Alkaline earth metal phosphates may also be used as detergents and
are known in the art.
Detergents may be simple detergents or what is known as hybrid or
complex detergents. The latter detergents can provide the
properties of two detergents without the need to blend separate
materials. See U.S. Pat. No. 6,034,039.
Suitable detergents include magnesium sulfonates, calcium
sulfonates, calcium phenates, magnesium phenates, calcium
salicylates, magnesium salicylates, and other related components
(including borated detergents), and mixtures thereof. Preferred
detergents include magnesium sulfonate, calcium sulfonate,
magnesium phenate, calcium phenate, magnesium salicylate, calcium
salicylate, and mixtures thereof.
Other illustrative detergents that may be used in combination with
the alkaline earth metal detergents include, for example, alkali
metal detergents, or mixtures of alkali metal detergents.

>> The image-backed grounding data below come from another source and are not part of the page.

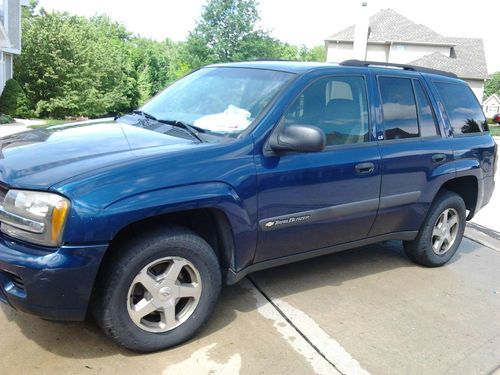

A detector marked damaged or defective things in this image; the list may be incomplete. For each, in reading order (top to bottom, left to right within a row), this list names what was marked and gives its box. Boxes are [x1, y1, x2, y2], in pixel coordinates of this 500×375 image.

pavement crack [247, 276, 348, 375]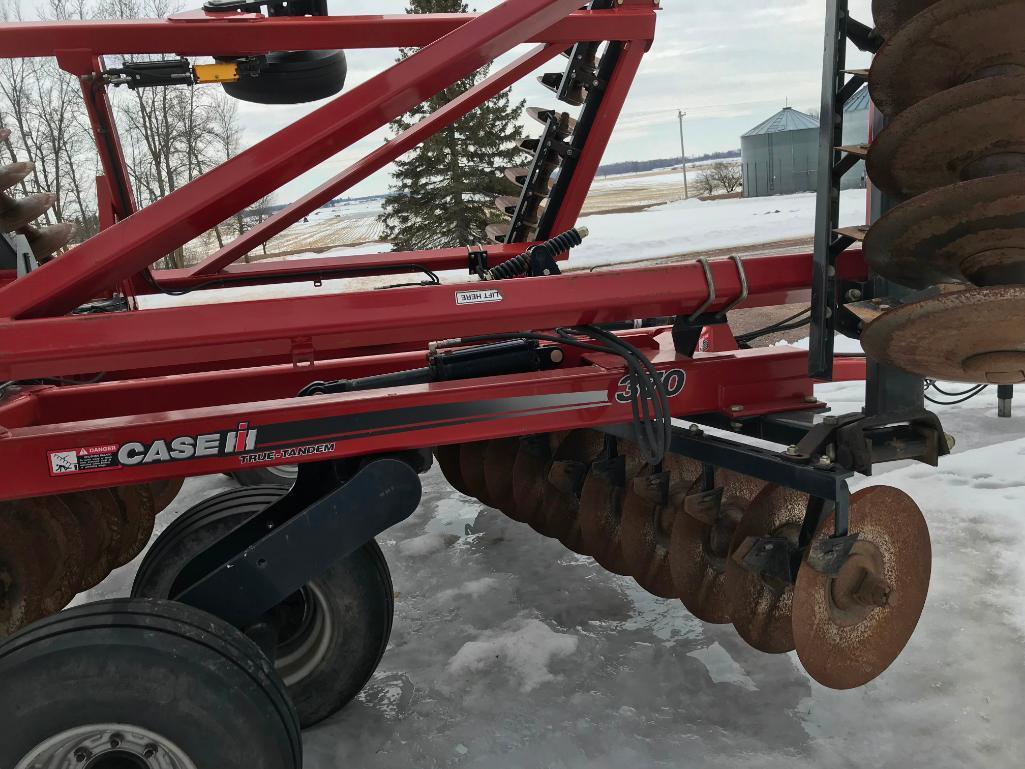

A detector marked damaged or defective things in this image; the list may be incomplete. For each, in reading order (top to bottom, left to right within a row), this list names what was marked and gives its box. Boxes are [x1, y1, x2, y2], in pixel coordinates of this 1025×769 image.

rusty disk blade [868, 0, 940, 39]
rusty disk blade [868, 0, 1024, 117]
rusty disk blade [868, 75, 1025, 196]
rusty disk blade [860, 172, 1024, 288]
rusty disk blade [860, 284, 1024, 384]
rusty disk blade [0, 504, 49, 636]
rusty disk blade [17, 496, 83, 616]
rusty disk blade [60, 488, 119, 592]
rusty disk blade [111, 484, 156, 568]
rusty disk blade [149, 476, 185, 512]
rusty disk blade [430, 448, 470, 496]
rusty disk blade [462, 440, 498, 508]
rusty disk blade [484, 438, 524, 516]
rusty disk blade [536, 428, 608, 544]
rusty disk blade [672, 468, 768, 624]
rusty disk blade [728, 484, 808, 652]
rusty disk blade [796, 486, 932, 688]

In a detergent comprising a mixture of a magnesium salt of an
organic acid and a calcium salt of an organic acid, the detergent
ratio of magnesium metal to calcium metal ranges from about 1:0 to
about 1:10, preferably from about 1:0 to about 1:4.

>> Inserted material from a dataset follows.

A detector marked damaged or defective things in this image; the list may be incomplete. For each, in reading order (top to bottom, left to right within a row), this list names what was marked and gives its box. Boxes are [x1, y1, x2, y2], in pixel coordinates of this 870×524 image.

The magnesium and alkaline earth metal contributed by the detergent
is present in the lubricating oil in an amount from about 500 ppm
to about 5000 ppm, preferably from about 1000 ppm to about 2500
ppm. The magnesium contributed by the detergent is present in the
lubricating oil in an amount from about 100 ppm to about 3000 ppm,
preferably from about 300 ppm to about 2500 ppm, more preferably
from about 750 ppm to about 2000 ppm.
The total base number (TBN), as measured by ASTM D2896, contributed
by the detergent ranges from about 2 mg KOH/g to about 17 mg KOH/g,
preferably from about 4 mg KOH/g to about 14 mg KOH/g. The TBN
contributed by the magnesium detergent ranges from about 2 mg KOH/g
to about 17 mg KOH/g, preferably from about 3 mg KOH/g to about 14
mg KOH/g, more preferably from about 5 mg KOH/g to about 10 mg
KOH/g.
The sulfated ash contributed by the detergent ranges from about 0.4
to about 1.7 wt %, preferably from about 0.5 to about 1.6 wt %, and
more preferably from about 0.6 to about 1.0 wt %. The sulfated ash
contributed by the magnesium detergent ranges from about 0.3 to
about 1.8 wt %, preferably from about 0.4 to about 1.6 wt %, and
more preferably from about 0.6 to about 1.0 wt %. The lubricating
engine oil of this disclosure preferably contains less than about
1.6 percent by weight sulfated ash and/or more preferably contains
less than about 4000 ppm of magnesium. At higher engine oil
sulfated ash at or above 1.2% ash (with the use of a magnesium
detergent) greater than a 95% reduction in LSPI counts is achieved.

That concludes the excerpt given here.